Climat – Environnement

Nouvelle distribution d'iode autour des centrales nucléaires de la région

Par Stéphane Barbereau et Anne Oger, France Bleu Orléans lundi 11 janvier 2016 à 10:54

La centrale nucléaire de Dampierre en Burly
La centrale nucléaire de Dampierre en Burly © Maxppp - Christelle Besseyre

La campagne de distribution de pastilles d'iode pour les habitants situés dans un rayon de 10 kilomètres autour des 19 centrales française débute à la fin du mois de janvier.

C'est un petit courrier que les habitants situés dans un rayon de 10 kilomètres autour des centrales de Saint Laurent des Eaux, Dampierre en Burly et Belleville sur Loire, n'avait plus reçu depuis 2009. Une lettre dans laquelle on les invite à se rendre à la pharmacie la plus proche pour retirer leurs comprimés d'iode à avaler en cas d'accident nucléaire. Sur le  secteur de Dampierre, ce sont 25 000 personnes qui sont concernées (45 000 personnes lors du rassemblement annuel de la communauté de gens du voyage à Neuvoy).
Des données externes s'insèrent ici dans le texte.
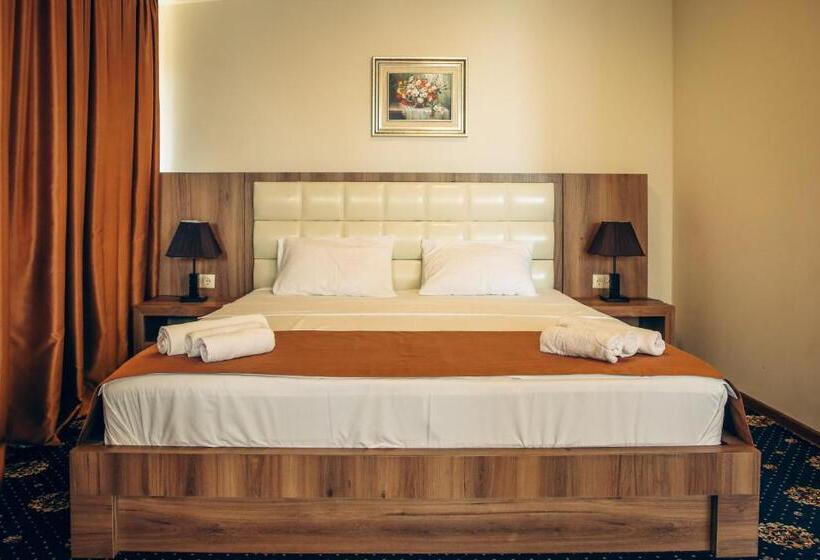 هتل Kolkhi Shekvetili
Pierre Boquel est le chef de la division Orléans à l'ASN, l'autorité de sûreté nucléaire :

Cela permet de protéger sa thyroïde. L'iode radioactif, produit dans le réacteur, s'il est respiré  ou avalé peut augmenter à terme le risque de cancer.

P. Boquel explique l'intérêt des comprimés d'iode

En ingérant le comprimé, on sature la thyroïde en iode stable et cela évite d'ingérer l'iode radioactive produite dans la centrale. En 2009, lors de la précédente campagne de distribution de ces cachets, seuls 50% des habitants étaient venus en pharmacie retirer le médicament. Un cachet qui a un effet limité, voire dérisoire ?
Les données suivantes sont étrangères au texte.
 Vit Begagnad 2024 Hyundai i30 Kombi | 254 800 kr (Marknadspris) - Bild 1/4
On envisage le pire. Dans ce scénario, le cas de rejet d'iode radioactif serait légèrement anticipé par les pouvoirs publics qui demanderaient aux populations d'avaler le cachet. Son efficacité serait d'une journée.

Pierre Boquel, le chef de la division ASN d'Orléans - Radio France
Pierre Boquel, le chef de la division ASN d'Orléans © Radio France - Stéphane Barbereau

Elargir le périmètre de distribution des pastilles d'iode ?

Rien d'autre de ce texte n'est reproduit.